И вдруг один из организаторов заявил, что стулья на сцене явятся символом привилегированности поэтов и это может спровоцировать насилие. Отец американских «литературных хулиганов» Уильям Берроуз, самый старший из всех участников фестиваля, заявил, что на стуле удобней сидеть, что вообще у него артрит и, если ему не дадут стул, он выступать не будет. Кто-то задумчиво предположил, что стулья смогут оказаться оружием в руках потенциальных нападающих.
«Но они могут быть оружием и в наших руках!» – прорычал Амири Барака. Поэтесса Дайана ди Прима предложила как компромисс подушки, взятые из гостиничных номеров. Сочли, что это будет еще «буржуазней». Поставили на голосование: считать или не считать стулья «идеологическим символом»? Постановили незначительным большинством голосов: считать и, следовательно, ими не пользоваться.

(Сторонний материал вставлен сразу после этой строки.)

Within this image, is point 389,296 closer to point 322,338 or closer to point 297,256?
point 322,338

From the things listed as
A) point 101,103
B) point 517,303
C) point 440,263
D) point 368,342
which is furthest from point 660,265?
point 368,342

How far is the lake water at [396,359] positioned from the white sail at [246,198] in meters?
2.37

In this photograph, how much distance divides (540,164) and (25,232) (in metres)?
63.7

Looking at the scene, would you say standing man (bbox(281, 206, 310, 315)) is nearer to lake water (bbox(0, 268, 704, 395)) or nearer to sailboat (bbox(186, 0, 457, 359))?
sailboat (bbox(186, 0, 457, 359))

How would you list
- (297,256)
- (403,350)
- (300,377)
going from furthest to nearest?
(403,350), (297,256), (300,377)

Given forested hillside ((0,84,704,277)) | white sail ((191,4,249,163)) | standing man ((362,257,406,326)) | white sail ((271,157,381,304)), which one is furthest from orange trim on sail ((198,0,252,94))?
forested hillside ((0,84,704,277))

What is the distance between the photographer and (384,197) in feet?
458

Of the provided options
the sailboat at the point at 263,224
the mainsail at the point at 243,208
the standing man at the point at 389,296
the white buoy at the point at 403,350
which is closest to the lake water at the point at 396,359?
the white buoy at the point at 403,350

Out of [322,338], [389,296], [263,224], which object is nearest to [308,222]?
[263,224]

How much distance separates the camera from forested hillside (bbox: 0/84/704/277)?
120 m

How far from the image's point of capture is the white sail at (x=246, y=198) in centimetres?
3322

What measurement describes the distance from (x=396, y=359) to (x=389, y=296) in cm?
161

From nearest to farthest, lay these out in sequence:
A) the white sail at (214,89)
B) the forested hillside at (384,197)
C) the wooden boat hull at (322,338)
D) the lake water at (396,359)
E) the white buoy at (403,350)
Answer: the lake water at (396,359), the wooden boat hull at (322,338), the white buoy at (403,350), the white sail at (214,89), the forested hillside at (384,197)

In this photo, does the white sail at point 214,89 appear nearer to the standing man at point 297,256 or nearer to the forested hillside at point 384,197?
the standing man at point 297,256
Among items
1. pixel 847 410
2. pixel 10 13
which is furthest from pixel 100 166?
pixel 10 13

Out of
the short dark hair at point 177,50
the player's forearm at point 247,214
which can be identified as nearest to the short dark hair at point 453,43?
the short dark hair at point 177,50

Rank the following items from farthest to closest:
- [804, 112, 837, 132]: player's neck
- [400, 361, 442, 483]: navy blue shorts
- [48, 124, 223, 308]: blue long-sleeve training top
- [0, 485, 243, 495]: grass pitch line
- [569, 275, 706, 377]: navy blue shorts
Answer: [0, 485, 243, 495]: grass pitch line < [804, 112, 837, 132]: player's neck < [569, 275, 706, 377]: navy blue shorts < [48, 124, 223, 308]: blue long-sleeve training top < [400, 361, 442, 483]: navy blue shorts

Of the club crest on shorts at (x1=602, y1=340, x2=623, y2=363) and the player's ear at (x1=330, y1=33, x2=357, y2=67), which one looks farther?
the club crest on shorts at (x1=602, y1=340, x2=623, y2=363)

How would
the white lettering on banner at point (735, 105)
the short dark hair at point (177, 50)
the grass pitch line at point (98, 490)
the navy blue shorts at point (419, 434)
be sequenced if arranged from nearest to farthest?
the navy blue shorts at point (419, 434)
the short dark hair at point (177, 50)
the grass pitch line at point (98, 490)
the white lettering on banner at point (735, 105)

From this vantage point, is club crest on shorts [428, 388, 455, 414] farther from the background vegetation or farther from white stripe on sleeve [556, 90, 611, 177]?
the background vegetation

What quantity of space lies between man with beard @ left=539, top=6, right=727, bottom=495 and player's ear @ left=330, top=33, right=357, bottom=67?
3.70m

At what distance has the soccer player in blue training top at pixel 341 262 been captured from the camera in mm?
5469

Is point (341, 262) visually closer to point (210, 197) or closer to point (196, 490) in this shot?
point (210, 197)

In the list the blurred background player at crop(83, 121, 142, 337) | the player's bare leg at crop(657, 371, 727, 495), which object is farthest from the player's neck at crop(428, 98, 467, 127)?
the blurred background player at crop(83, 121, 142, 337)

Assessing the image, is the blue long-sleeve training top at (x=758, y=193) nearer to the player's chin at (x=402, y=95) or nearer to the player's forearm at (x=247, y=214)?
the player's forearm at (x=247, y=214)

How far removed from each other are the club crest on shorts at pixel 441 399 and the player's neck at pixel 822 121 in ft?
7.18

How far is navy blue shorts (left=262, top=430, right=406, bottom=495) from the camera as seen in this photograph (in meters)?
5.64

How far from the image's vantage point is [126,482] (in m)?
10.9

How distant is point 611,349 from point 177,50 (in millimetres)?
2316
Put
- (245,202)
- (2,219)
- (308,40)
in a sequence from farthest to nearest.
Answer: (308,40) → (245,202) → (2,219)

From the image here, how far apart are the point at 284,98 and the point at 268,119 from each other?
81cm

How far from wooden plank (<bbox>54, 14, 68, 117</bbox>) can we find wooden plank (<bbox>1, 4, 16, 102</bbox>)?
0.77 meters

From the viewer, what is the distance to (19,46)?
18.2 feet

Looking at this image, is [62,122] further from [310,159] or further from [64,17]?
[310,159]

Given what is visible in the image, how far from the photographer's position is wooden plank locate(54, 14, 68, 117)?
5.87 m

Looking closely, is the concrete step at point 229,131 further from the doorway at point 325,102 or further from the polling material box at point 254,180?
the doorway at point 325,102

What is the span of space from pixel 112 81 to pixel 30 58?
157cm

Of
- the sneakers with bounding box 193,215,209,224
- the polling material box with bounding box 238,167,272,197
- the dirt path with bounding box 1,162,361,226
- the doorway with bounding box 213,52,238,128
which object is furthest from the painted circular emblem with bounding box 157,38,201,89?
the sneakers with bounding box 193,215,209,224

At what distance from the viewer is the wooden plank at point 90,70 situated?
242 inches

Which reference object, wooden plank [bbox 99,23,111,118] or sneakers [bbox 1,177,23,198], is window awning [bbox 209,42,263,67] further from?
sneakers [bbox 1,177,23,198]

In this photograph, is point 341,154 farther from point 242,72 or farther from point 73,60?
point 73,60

Разработали порядок выступающих и тактику. Главное – защищать микрофон и друг друга. В случае захвата микрофона в чужие руки парализовать противника выключением звука. Разошлись.

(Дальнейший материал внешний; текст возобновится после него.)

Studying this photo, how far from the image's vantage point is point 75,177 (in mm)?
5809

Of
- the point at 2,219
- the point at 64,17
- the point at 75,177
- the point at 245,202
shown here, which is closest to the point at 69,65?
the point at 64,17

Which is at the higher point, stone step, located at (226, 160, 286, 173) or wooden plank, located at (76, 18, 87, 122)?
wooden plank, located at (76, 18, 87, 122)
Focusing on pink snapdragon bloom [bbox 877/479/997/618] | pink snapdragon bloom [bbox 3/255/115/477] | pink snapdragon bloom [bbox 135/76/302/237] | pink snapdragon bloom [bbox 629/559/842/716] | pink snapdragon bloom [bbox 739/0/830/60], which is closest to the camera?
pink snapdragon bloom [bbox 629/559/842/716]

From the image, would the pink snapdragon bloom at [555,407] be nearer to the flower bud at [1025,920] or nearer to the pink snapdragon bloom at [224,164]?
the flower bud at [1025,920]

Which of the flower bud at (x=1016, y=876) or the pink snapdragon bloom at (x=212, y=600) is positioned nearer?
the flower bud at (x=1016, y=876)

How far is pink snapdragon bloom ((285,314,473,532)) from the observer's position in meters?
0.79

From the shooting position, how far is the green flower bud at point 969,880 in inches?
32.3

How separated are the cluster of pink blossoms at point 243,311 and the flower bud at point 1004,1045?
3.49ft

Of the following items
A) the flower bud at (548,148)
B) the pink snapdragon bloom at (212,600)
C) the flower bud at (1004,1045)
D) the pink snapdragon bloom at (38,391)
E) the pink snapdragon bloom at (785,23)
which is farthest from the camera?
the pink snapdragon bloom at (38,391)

Однако часов в пять новый «военный совет». Организаторы с трясущимися лицами сообщили, что «поэты пляжа» сорвут вечер, если их не включат в список через одного. «Сколько их?» – спросил Аллен деловито. «Двадцать пять». – «А сколько человек за их спинами?» – прорычал Амири Барака. «Человек сто – сто пятьдесят», – неопределенно ответили организаторы. «Вооружены?» – спросил Амири Барака. «Кто знает… Очень может быть». – «А эти двадцать пять действительно пишут стихи?» – спросил Аллен. «Неизвестно…»
Тут меня и взорвало. Помню только, что именно тогда у меня впервые и вырвалось выражение «диктатура пляжа». Диктатура пляжа станет диктатурой посредственностей, захвативших микрофон. Профессиональный уровень вечера сразу упадет. Мы должны выбирать: или кабак на сцене, или поэзия. Грек Ставрос, трагически воздев руки, обратился ко всем нам: «А вы разве себя не помните непризнанными, неприкаянными? Может быть, среди них есть гении, которым мы откажем в праве на слово… Неужели вы все зажрались?»

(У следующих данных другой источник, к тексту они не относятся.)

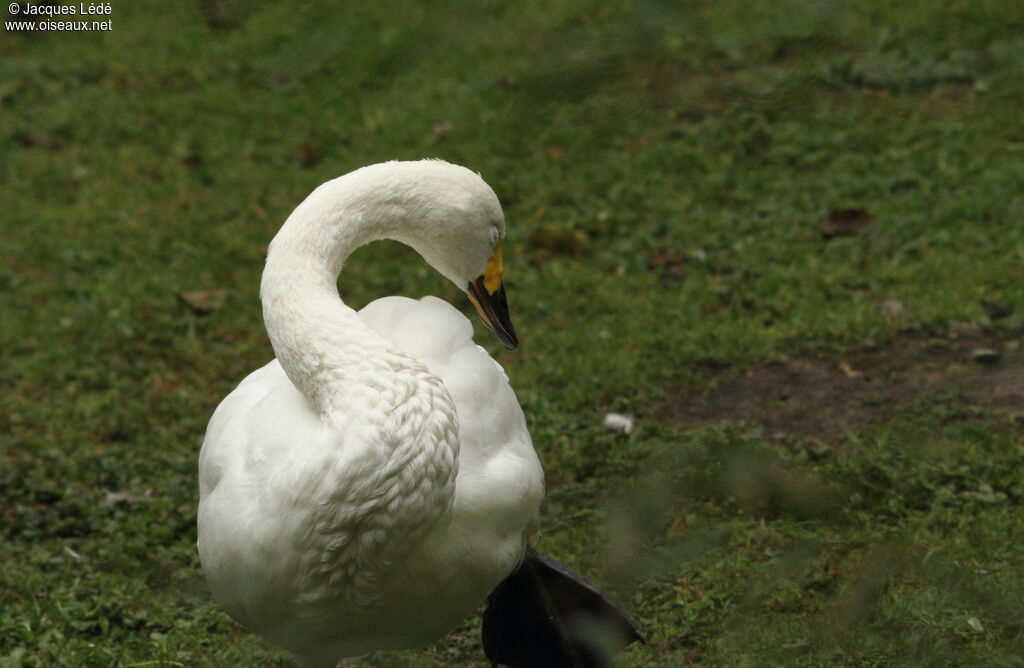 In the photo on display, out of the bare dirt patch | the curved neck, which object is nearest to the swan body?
the curved neck

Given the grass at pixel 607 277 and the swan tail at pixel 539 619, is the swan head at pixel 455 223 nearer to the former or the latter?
the grass at pixel 607 277

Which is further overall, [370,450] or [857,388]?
[857,388]

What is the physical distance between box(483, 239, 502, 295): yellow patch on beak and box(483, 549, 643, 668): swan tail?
30.4 inches

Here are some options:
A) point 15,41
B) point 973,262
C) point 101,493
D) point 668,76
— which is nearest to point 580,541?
point 101,493

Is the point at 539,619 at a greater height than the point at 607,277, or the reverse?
the point at 607,277

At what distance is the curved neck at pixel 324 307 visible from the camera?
2.69m

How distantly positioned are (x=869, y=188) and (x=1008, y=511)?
8.75 feet

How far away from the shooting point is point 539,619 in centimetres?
354

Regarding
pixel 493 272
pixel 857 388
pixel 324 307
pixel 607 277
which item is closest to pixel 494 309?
pixel 493 272

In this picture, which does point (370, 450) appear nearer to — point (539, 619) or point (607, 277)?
point (539, 619)

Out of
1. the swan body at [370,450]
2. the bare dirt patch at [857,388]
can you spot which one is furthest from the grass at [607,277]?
the swan body at [370,450]

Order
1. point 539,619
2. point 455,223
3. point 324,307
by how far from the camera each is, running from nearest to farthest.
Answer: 1. point 324,307
2. point 455,223
3. point 539,619

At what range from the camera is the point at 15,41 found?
866 cm

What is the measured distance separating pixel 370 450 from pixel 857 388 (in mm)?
2808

Заскребла совесть. Решили послать делегатов к «поэтам пляжа», найти какое-нибудь «неконформистское» решение.
На заключительное чтение собирались с тяжелым сердцем. Добавил сомнений Альберто Моравиа, следивший за ходом нашего «военного совета». «В Италии сейчас самая главная общественная сила – это хулиганы, – скептически заметил он, вежливо отказавшись от приглашения. – Мне все это заранее скучно. Они сорвут вечер…»
Перед возможным боем мы договорились не отступать от выработанных принципов солидарности. Но, выражаясь бюрократическим языком, мы «недоучли» еще одну потенциальную солидарность – солидарность зрителей. А именно она, соединенная с солидарностью поэтов, и решила дело, переломив фестиваль и дав возможность поэзии наконец заговорить в полный голос.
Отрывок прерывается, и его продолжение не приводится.